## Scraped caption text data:
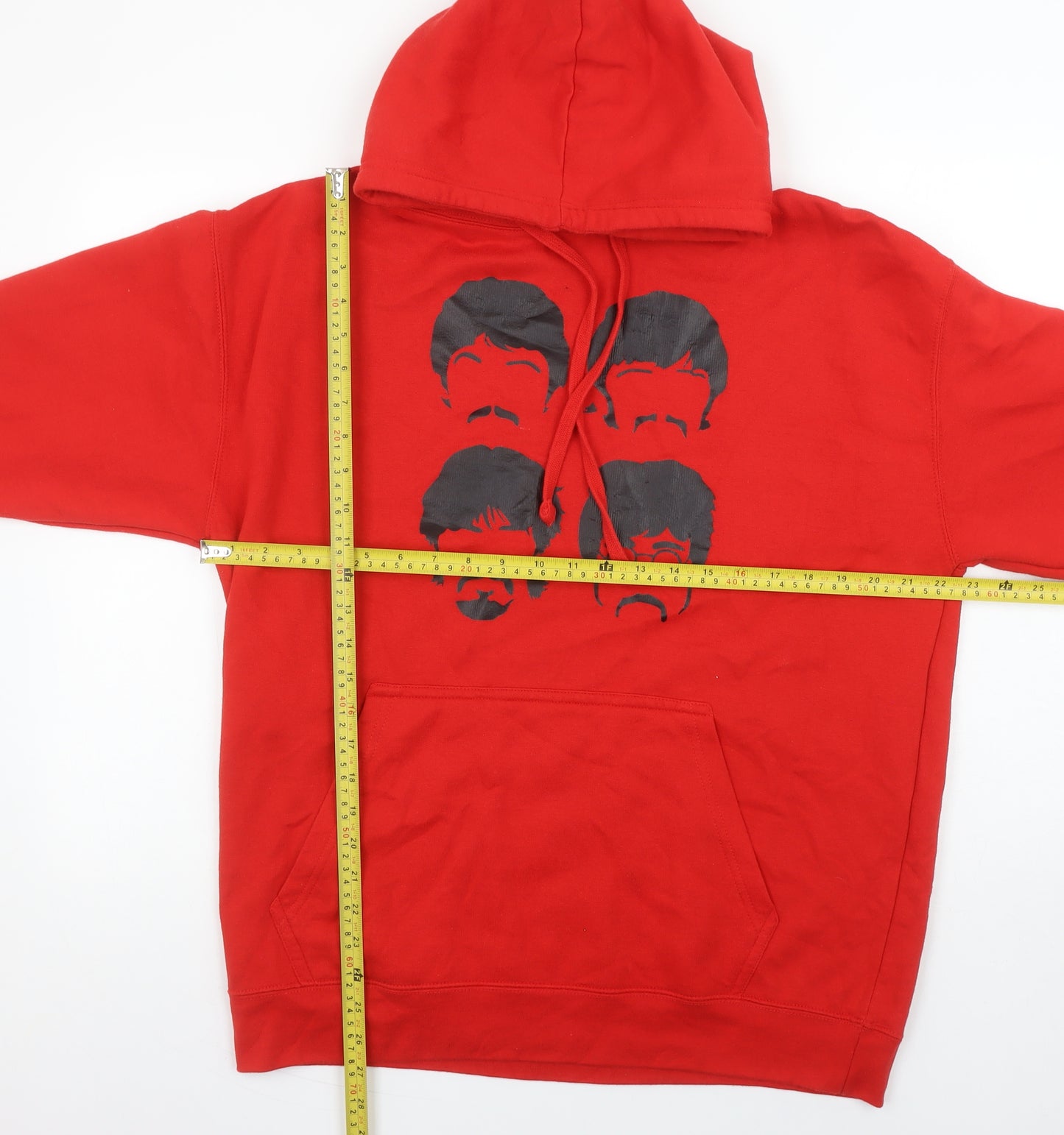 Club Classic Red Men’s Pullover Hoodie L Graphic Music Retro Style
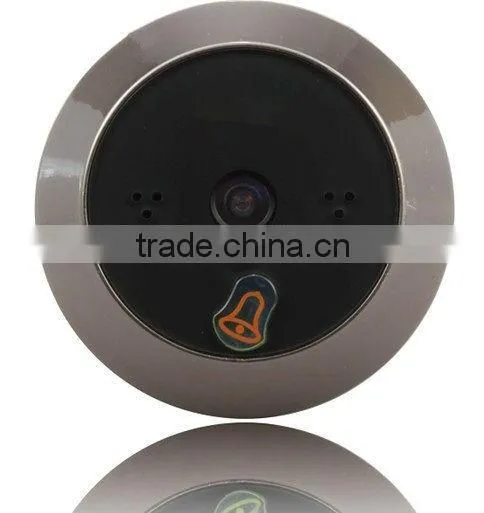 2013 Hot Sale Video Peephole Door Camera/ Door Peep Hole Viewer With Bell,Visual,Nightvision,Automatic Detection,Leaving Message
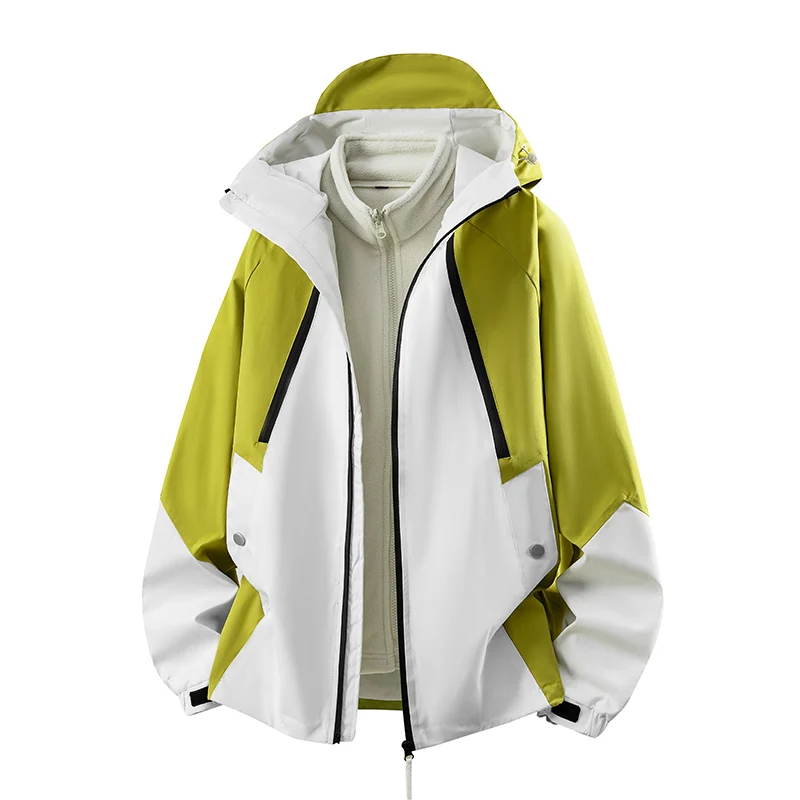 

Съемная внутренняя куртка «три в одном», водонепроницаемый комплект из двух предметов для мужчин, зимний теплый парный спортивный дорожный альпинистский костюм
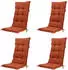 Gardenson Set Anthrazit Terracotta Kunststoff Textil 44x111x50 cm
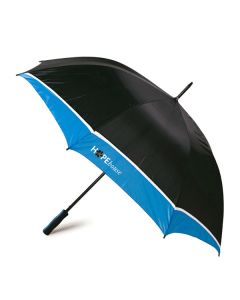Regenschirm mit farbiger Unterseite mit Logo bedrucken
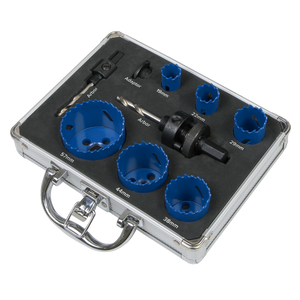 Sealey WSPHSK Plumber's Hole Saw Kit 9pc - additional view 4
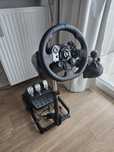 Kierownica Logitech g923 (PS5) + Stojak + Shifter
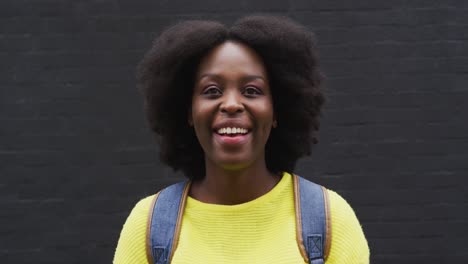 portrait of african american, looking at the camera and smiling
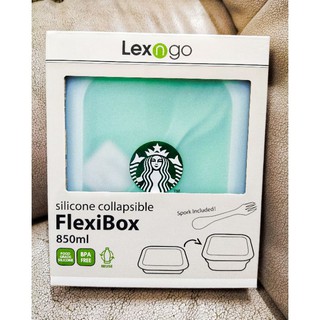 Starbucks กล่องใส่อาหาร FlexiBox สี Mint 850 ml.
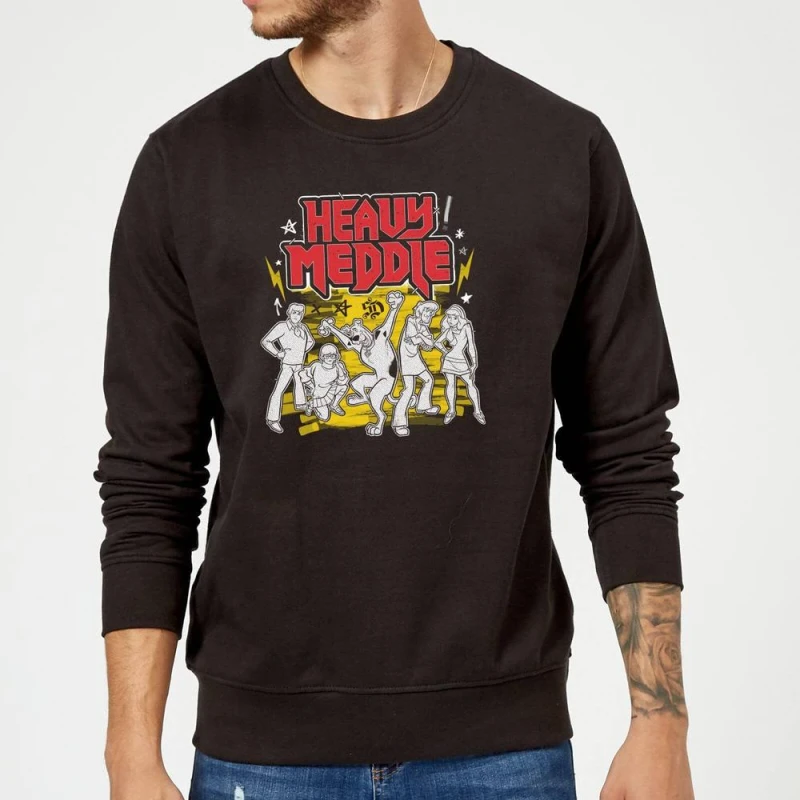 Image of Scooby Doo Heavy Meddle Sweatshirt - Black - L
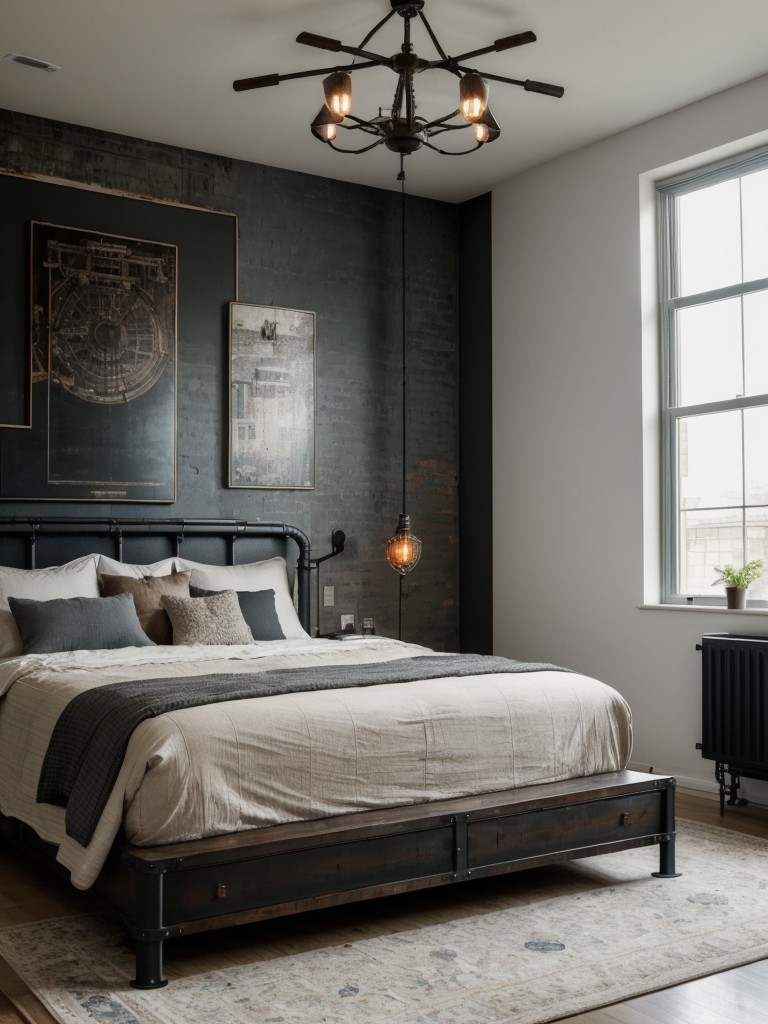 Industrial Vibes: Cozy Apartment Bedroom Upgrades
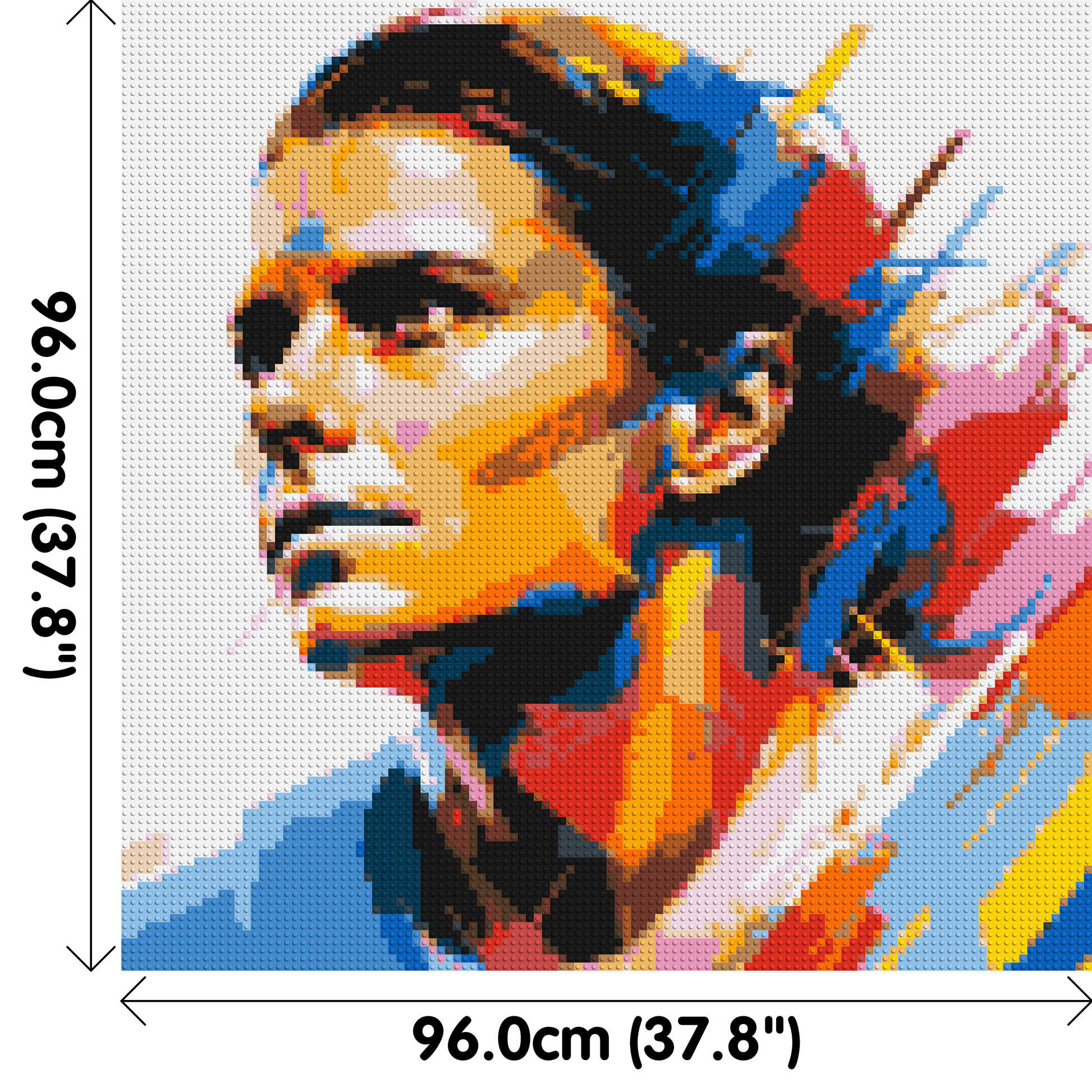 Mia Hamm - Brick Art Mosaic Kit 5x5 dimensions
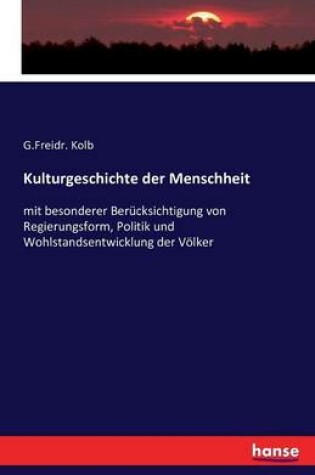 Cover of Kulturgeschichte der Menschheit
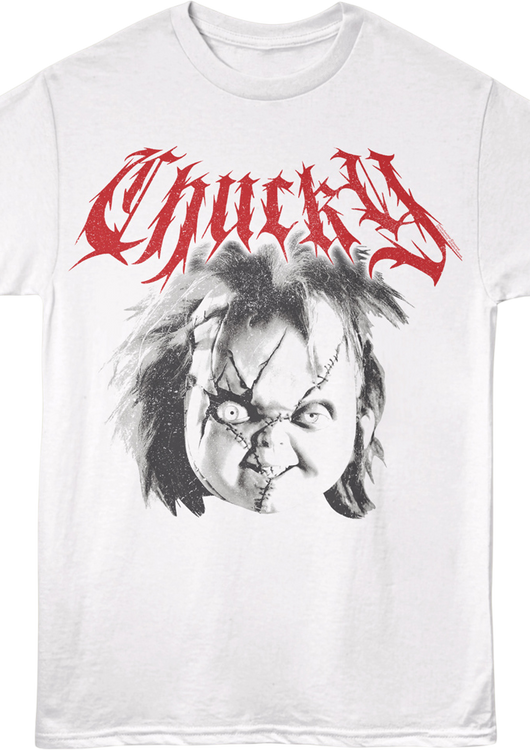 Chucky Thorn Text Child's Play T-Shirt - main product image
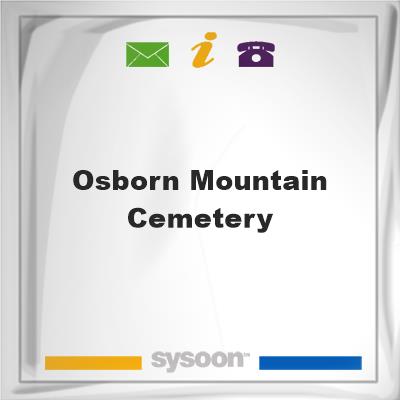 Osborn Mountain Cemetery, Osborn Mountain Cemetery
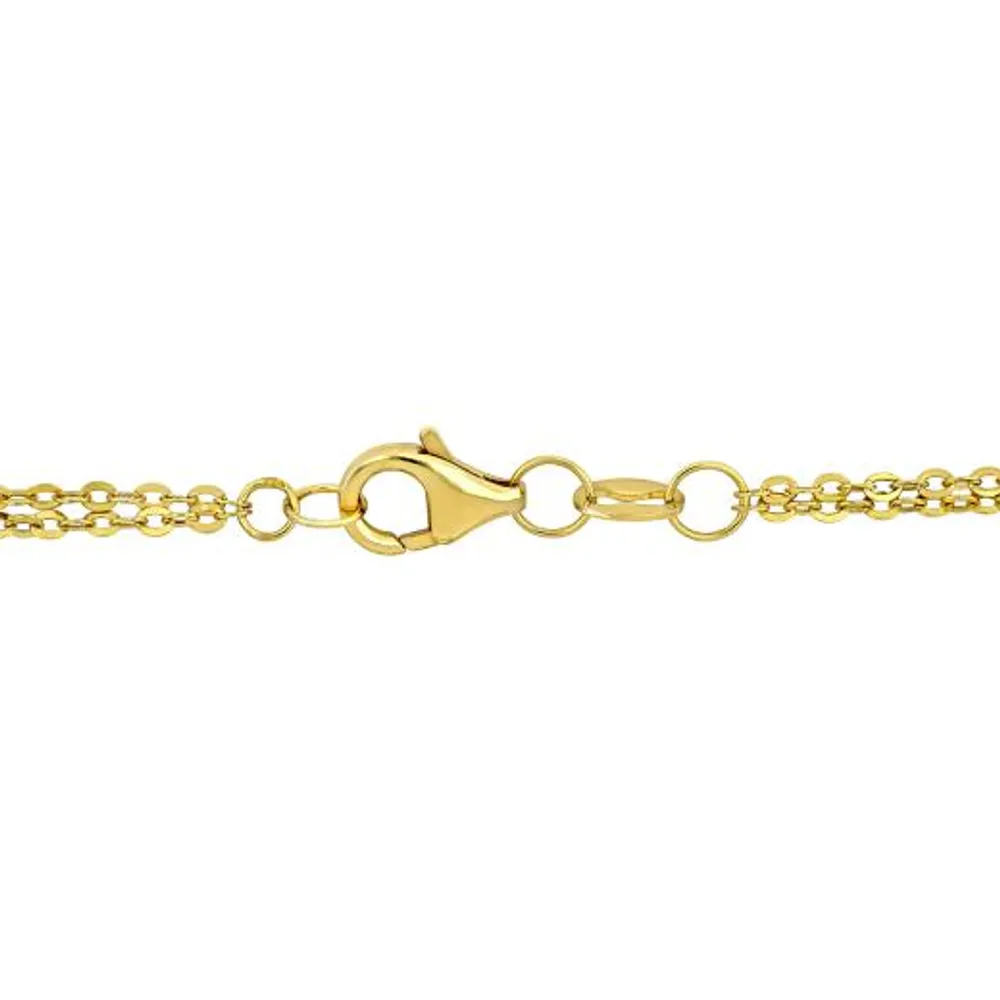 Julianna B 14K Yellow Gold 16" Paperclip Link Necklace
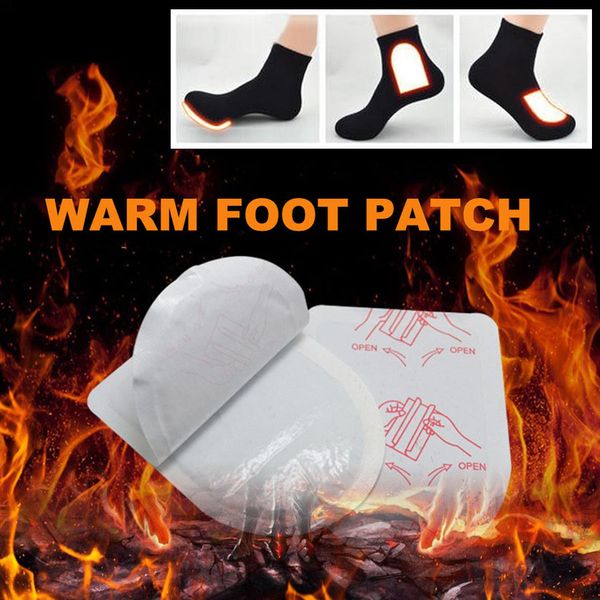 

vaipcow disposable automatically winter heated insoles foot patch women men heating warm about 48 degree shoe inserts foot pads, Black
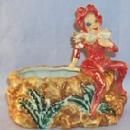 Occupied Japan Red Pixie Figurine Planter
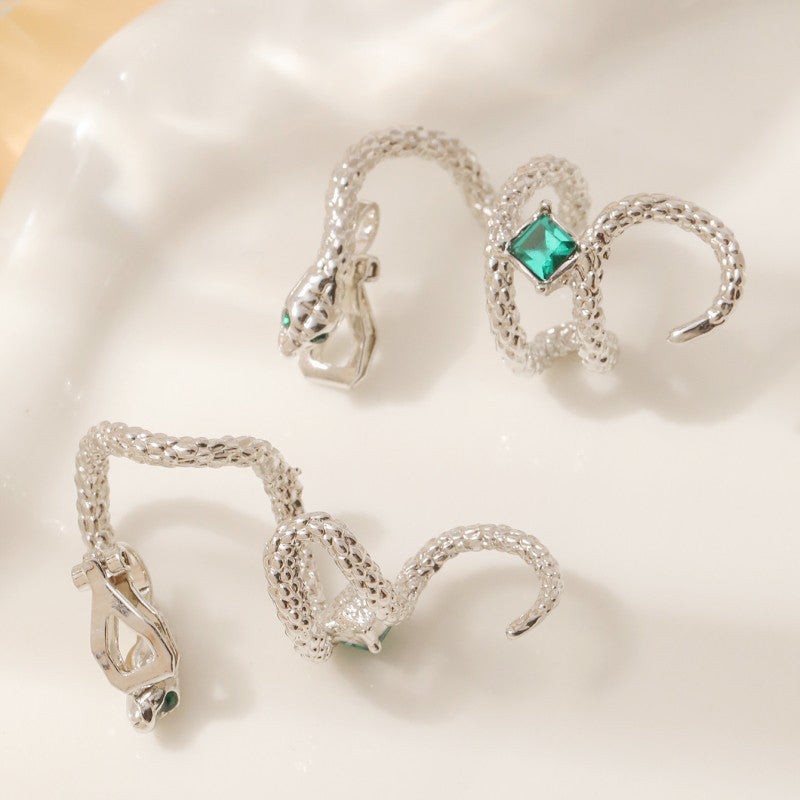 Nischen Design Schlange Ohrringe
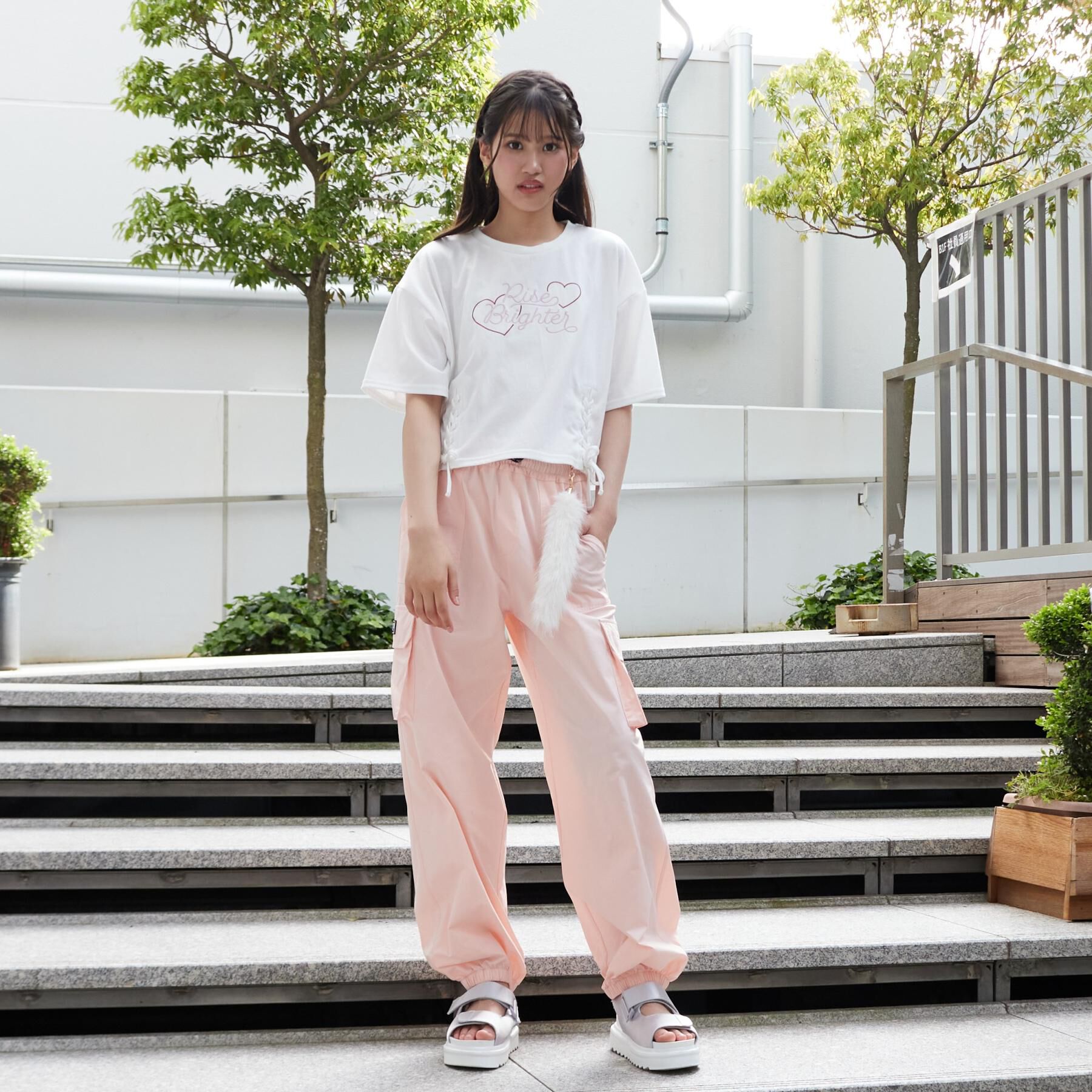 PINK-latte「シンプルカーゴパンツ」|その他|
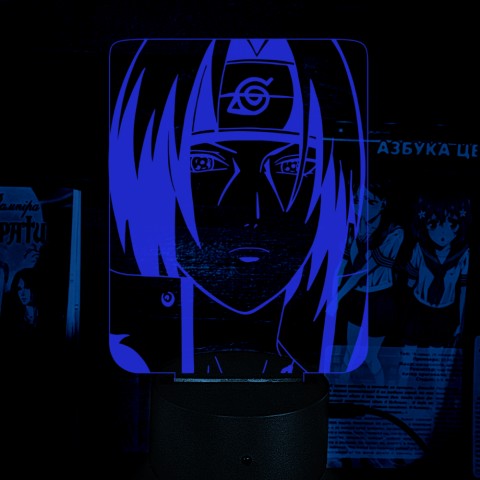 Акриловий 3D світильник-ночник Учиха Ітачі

## The task:
For each entry above, write it out again exactly but leave out any picture.

## Answer to this problem:
 Club Classic Red Men’s Pullover Hoodie L Graphic Music Retro Style
 2013 Hot Sale Video Peephole Door Camera/ Door Peep Hole Viewer With Bell,Visual,Nightvision,Automatic Detection,Leaving Message

Съемная внутренняя куртка «три в одном», водонепроницаемый комплект из двух предметов для мужчин, зимний теплый парный спортивный дорожный альпинистский костюм
 Gardenson Set Anthrazit Terracotta Kunststoff Textil 44x111x50 cm
Regenschirm mit farbiger Unterseite mit Logo bedrucken
 Sealey WSPHSK Plumber's Hole Saw Kit 9pc - additional view 4
 Kierownica Logitech g923 (PS5) + Stojak + Shifter
 portrait of african american, looking at the camera and smiling
 Starbucks กล่องใส่อาหาร FlexiBox สี Mint 850 ml.
 Image of Scooby Doo Heavy Meddle Sweatshirt - Black - L
 Industrial Vibes: Cozy Apartment Bedroom Upgrades
 Mia Hamm - Brick Art Mosaic Kit 5x5 dimensions
 Cover of Kulturgeschichte der Menschheit
 Chucky Thorn Text Child's Play T-Shirt - main product image
 Osborn Mountain Cemetery, Osborn Mountain Cemetery
 Julianna B 14K Yellow Gold 16" Paperclip Link Necklace

vaipcow disposable automatically winter heated insoles foot patch women men heating warm about 48 degree shoe inserts foot pads, Black
 Occupied Japan Red Pixie Figurine Planter
 Nischen Design Schlange Ohrringe
 PINK-latte「シンプルカーゴパンツ」|その他|
 Акриловий 3D світильник-ночник Учиха Ітачі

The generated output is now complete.